The matters before the Court are 1) the Defendants' Motion to Amend Answer and Counterclaim pursuant to which the Defendants seek to add three additional counterclaims in addition to an existing counterclaim; and 2) the "Expedited Motion for Hearing Upon Defendant's [sic] Counterclaim Prayer #2 for Restraining Order," pursuant to which the Defendants, Anthony DeSimone and Cheryl DeSimone (the "Defendants" or the "Debtors"), seek a "restraining order" against Genaro Recupero (the "Plaintiff"), whom the Defendants allege has been following them and photographing them and their property in violation of the automatic stay. See 11 USC §362. The Defendants assert that "these outrageous acts are being done by this Plaintiff [Genaro Recupero] in order to harass, intimidate, annoy and place them in fear; to invade their privacy; and in order to continue his efforts to collect the alleged debt sued upon, in violation of the automatic stay of Section 362(a)." Notably, Genaro Recupero and Anthony DeSimone are estranged cousins.

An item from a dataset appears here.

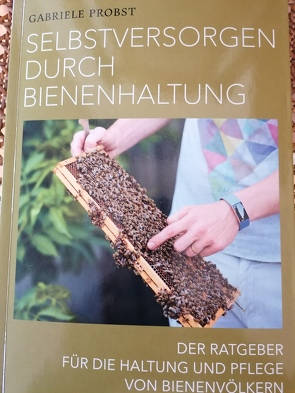 Selbstversorgen durch Bienenhaltung von Probst,  Gabriele,  Dr.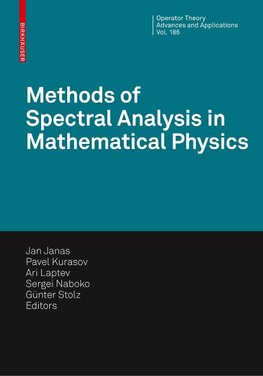 Methods of Spectral Analysis in Mathematical Physics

The Plaintiff opposes the Defendants' Motion. They rely upon issue preclusion as the Defendants' requests for temporary restraining orders have been denied in the Malden District Court. The Plaintiff also asserts that the Defendants have "unclean hands."

The Court heard the Motion to Amend Answer and Counterclaim and the Expedited Motion for a restraining order on November 4, 2015. At the hearing, neither party requested an evidentiary hearing. The material facts necessary to rule on the Defendants' request for a restraining order primarily are set forth in Counterclaims II-IV. Although the factual allegations in the Complaint filed by Genaro Recupero and Cheryl Recupero (together, the "Plaintiffs") are disputed, the facts necessary to assess the Defendants' entitlement to injunctive relief are included in the Counterclaims and the submissions of the parties. For the reasons set forth below, the Court shall enter an order denying the request for a "restraining order," which this Court shall treat as a motion for a preliminary injunction.1

II. FACTUAL BACKGROUND

The Defendants filed a Chapter 13 petition on September 11, 2014. On Schedule D-Creditors Holding Secured Claims, the Defendants listed the Plaintiffs as the holders of a secured claim in an unspecific amount secured by "28 Shane Way, Unit 3, Laconia, NH, 37 Butternut Road, Wakefield, MA and DeSimone's Auto Solutions." The Plaintiffs objected to the Defendants' Chapter 13 plan. The Defendants were unsuccessful in obtaining confirmation of their Chapter 13 plan and voluntarily converted their Chapter 13 case to a case under Chapter 7 on January 5, 2015.

On February 19, 2015, the Plaintiffs moved for relief from the automatic stay to foreclose a mortgage on the Laconia, New Hampshire property allegedly securing a note executed by the Defendants on July 20, 2009 in the principal amount of $527,432.52. On March 6, 2015, the Court, in the absence of any objections, granted the Plaintiffs' lift stay motion. On May 4, 2015, the Plaintiffs moved for relief from the automatic stay with respect to a mortgage on the Wakefield, Massachusetts property, allegedly securing the same note. On June 3, 2015, the Court granted the lift stay motion over the Debtors' objection.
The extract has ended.